Background : People living with chronic aphasia (PWA) face long-term challenges that go well beyond communication difficulties, including emotional, social, and societal barriers. To ensure that research and policy efforts address what matters to them, it is vital to directly involve PWA in setting priorities. This international initiative adopted Patient and Public Involvement (PPI) approach to co-create a research agenda with individuals living with chronic aphasia and health professionals across countries and languages. Aim : The study, initiated by a person with aphasia and three laypersons, aimed to collaboratively identify and prioritize research topics of greatest importance to PWA through a multilingual PPI process. Methods : Using the PAOLI (People with Aphasia and Other Layperson Involvement) framework and inclusive communication strategies, the project engaged more than 100 participants from 13 countries, with 11 countries contributing to voting.
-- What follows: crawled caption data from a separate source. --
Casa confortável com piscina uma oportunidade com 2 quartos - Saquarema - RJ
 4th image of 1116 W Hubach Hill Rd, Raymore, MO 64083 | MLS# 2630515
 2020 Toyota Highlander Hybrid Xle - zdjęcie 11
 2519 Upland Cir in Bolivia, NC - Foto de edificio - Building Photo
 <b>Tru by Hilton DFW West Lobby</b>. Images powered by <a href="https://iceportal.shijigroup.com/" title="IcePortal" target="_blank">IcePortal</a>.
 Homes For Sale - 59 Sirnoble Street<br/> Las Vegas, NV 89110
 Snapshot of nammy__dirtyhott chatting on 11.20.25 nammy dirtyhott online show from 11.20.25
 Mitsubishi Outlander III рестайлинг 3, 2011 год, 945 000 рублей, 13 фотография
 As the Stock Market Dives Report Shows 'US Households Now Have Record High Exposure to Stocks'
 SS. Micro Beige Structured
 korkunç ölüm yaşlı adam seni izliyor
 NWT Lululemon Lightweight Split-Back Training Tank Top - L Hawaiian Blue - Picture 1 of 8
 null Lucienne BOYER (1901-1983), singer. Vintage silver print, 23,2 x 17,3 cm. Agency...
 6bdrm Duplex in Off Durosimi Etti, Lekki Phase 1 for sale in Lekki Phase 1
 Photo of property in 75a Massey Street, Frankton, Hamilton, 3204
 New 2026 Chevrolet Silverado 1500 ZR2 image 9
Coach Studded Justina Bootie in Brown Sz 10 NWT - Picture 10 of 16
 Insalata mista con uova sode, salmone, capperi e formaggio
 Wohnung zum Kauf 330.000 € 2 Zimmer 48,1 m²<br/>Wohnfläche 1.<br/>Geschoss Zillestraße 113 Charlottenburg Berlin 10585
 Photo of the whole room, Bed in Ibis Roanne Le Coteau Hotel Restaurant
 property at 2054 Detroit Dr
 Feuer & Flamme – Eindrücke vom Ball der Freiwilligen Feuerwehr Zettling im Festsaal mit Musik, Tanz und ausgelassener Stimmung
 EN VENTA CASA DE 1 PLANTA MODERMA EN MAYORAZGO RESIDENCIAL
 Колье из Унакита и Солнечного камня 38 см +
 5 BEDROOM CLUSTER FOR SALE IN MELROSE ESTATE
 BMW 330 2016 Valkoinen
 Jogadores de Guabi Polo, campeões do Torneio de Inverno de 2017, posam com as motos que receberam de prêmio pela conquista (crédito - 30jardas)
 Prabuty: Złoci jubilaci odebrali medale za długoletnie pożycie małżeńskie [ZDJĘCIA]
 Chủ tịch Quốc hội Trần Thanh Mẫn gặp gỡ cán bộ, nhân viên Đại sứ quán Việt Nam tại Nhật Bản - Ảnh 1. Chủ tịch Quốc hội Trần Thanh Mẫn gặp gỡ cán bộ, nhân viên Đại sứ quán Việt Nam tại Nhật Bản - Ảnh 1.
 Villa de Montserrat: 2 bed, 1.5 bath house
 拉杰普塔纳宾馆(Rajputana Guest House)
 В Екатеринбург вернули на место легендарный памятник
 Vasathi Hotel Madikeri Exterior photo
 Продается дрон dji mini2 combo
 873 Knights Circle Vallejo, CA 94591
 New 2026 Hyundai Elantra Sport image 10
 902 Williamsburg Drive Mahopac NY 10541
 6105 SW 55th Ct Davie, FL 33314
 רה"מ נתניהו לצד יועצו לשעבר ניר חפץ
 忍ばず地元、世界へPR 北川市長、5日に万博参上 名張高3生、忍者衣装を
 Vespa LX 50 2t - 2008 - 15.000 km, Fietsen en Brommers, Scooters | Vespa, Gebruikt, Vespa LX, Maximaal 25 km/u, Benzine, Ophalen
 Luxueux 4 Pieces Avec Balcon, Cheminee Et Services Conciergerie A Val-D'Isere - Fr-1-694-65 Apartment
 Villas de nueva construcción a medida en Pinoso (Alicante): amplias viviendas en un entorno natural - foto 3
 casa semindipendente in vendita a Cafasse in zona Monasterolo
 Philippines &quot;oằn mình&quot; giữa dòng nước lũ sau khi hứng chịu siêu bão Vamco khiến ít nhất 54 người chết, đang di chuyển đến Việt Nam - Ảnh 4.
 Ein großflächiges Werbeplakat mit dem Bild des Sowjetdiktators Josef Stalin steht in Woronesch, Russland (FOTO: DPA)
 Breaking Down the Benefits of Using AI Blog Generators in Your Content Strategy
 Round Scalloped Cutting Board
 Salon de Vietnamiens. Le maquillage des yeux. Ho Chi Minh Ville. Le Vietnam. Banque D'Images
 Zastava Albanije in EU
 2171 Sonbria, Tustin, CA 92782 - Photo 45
The three-phase process included: (1) online consultations to generate initial topics, (2) national-level codesign sessions to refine and rank topics, and (3) international voting with multilingual dissemination. Aphasia-friendly materials and real-time translation ensured accessibility. Results : PWA played key roles in proposing topics, organizing summarizing national and international voting and promoting dissemination. Eleven out of the thirteen participating countries (83%) voted. PWA Co-authors rated their influence as optimal (5/8) or good (3/8), with a mean rating of 3.6/4. Notably, 11 of 12 proposed topics originated from PWA. Four priorities emerged: (1) raising awareness of aphasia among families and society, (2) psychological changes, including impacts on intimacy and relationships, (3) rebuilding self-confidence after aphasia, and (4) improving therapy and hospital attitudes toward treatment. Conclusion : This multilingual, PPI-led initiative shows that PWA can meaningfully co-create thematic priorities when supported with inclusive, accessible methods. The priorities – chosen by people living with long term aphasia - confirm and extend findings from previous studies, especially the urgent need to increase awareness of aphasia in society. These outcomes highlight a holistic view of living with aphasia, emphasizing social, emotional, and communicative dimensions that should shape future research, clinical care, and policy.